Total comprehensive income grew 576 percent to $61,4 million from $9,1 million in the same period last year.

The group’s total assets improved by 31 percent from $527 million as at December 2018 to 691 million as at 30 June 2019 attributed mainly to182 percent increase in property and equipment and 228 percent surge in investment properties.

NPL ratio stood at 3,38 percent on 30 June 2019 down from 7,43 percent recorded as at 31 December 2018 which the bank attributed to aggressive collections and stricter credit underwriting standards.

Washaya highlighted that the plausable performance was realised amidst tough economic conditions as the country tries to settle after introduction of new policy measures.

“Challenges in 2018 persisted into the first half of 2019 characterised by contraction of business operations throughout the economy, foreign currency shortages and inflationary pressures as the country’s year-on-year inflation for June 30, 2019 stood at 176 percent,” said Mr Washaya.
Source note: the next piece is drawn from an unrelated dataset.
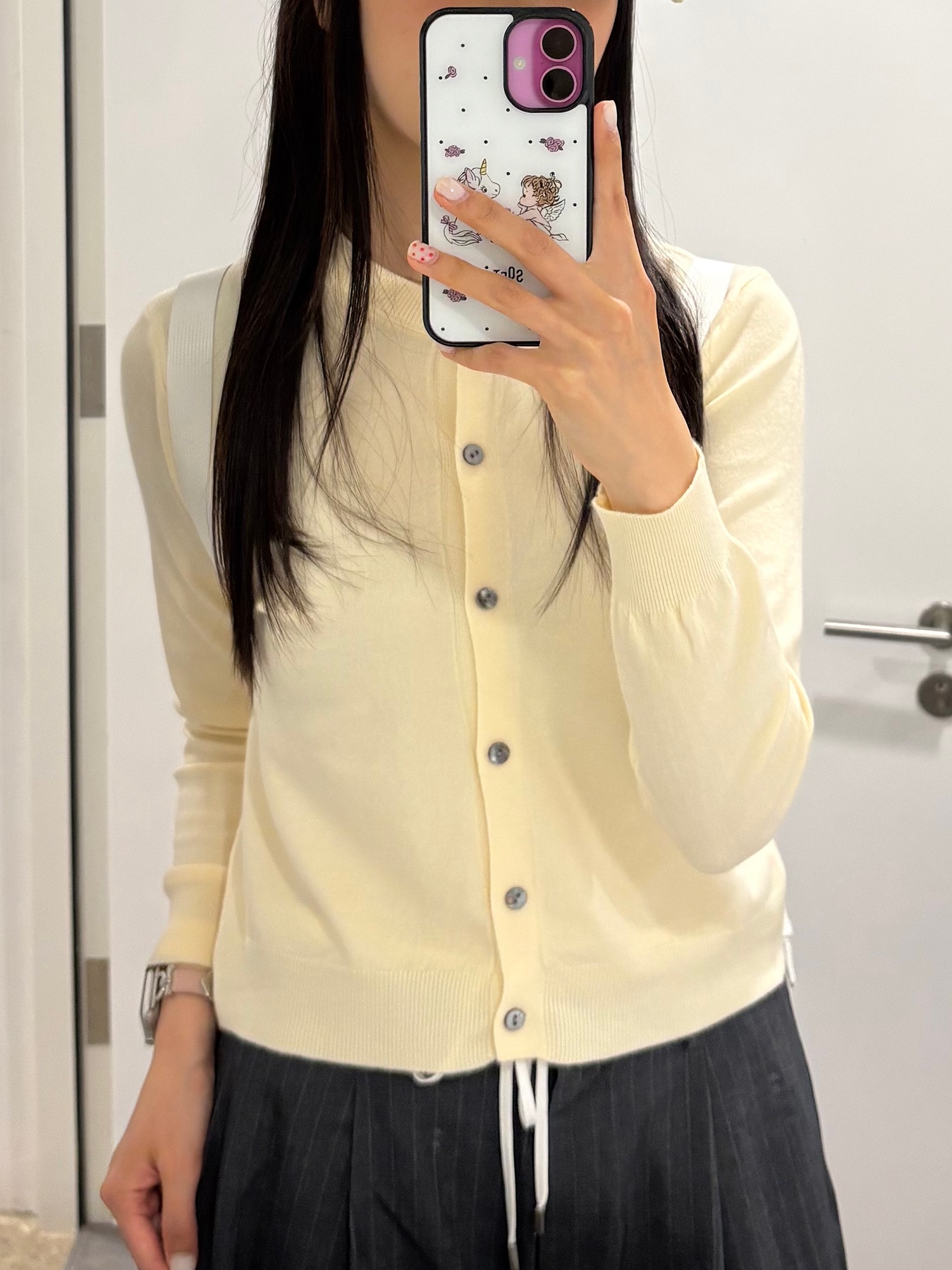 Permanent Archive Air Flex Round Cardigan Ivory 착용 스타일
The bank’s performance was also attributable to intensified efforts in rolling out point of sale devices (m-POS) in order to support the growing SMEs and sole trader clientele base.

NMB stuck to its drive of opening low cost bank accounts and investment expansion towards digital channels in order to promote service delivery and accommodate increased transactional volumes created by the broadened customer base.

Mr Washaya said: “We continued to open more NMB Lite accounts as our contribution to the financial inclusion agenda. We intensified the roll-out of the mPOS devices to SMEs and sole traders and take up continues to be encouraging.”